I don't know why I don't use the star system. (Maybe because sometimes I just DON'T KNOW what to rate a book.) But I'll be honest: when I read someone's review of a book, I like to see how they rated it, and stars are the easiest way to go. But how about you? What do YOU like to see in/as a book's rating?

So, in short, this discussion-y post is just me asking you a bunch of questions. I'm okay with how I do my reviews, but I've thought about changing up my format. But my reviews are just my reviews; I already read the book. I write reviews to help YOU, so I want to know what YOU want to see. Plus, I've always wondered what people like (and don't like!) to see in reviews. Also, I've talked a lot about me; how do you write YOUR reviews? What information do you include, what do you talk about? I want to know!

Now go forth, my lovely readers! Let's talk about reviews!


  1. I like your rating system. I don't personally need stars to understand how a reviewer feels about the book. I'm not good at giving stars myself and always second guess them to the point where I've thought of taking it off my blog completely. I also like your one word initial reactions. That's fun!

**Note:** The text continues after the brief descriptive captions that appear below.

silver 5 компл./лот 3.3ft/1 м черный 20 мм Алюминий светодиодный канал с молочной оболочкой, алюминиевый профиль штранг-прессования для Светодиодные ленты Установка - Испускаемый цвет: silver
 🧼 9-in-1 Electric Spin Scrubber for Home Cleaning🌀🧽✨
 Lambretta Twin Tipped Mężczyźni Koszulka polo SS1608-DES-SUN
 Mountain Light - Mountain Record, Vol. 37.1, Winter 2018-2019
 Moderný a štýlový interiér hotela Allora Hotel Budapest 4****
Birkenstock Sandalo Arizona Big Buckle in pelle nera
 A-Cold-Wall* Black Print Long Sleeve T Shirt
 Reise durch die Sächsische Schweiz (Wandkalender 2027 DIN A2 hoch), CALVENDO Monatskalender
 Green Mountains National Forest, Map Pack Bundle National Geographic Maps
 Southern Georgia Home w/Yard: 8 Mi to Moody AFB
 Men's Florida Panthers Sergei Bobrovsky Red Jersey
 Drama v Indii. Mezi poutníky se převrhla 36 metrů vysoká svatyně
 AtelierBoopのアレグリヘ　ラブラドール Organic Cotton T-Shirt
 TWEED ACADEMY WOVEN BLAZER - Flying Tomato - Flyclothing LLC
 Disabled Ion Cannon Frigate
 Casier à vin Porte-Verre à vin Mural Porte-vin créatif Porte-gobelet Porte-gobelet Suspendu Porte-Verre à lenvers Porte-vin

  2. I love that you put all that info at the top. I always want to know who the publisher of a book is as well as how long it is (!!) I myself use stars but that's just me. I read lots of blogs that don't so that part doesn't really matter to me. What I never do with my own reviews, and what I don't really like to see with other reviews, is the Goodreads synopsis cut and pasted at the beginning of the review. I'd rather read a short synopsis written in the reviewer's own words. Most likely I already know what the book is about, and this just feels lazy to me.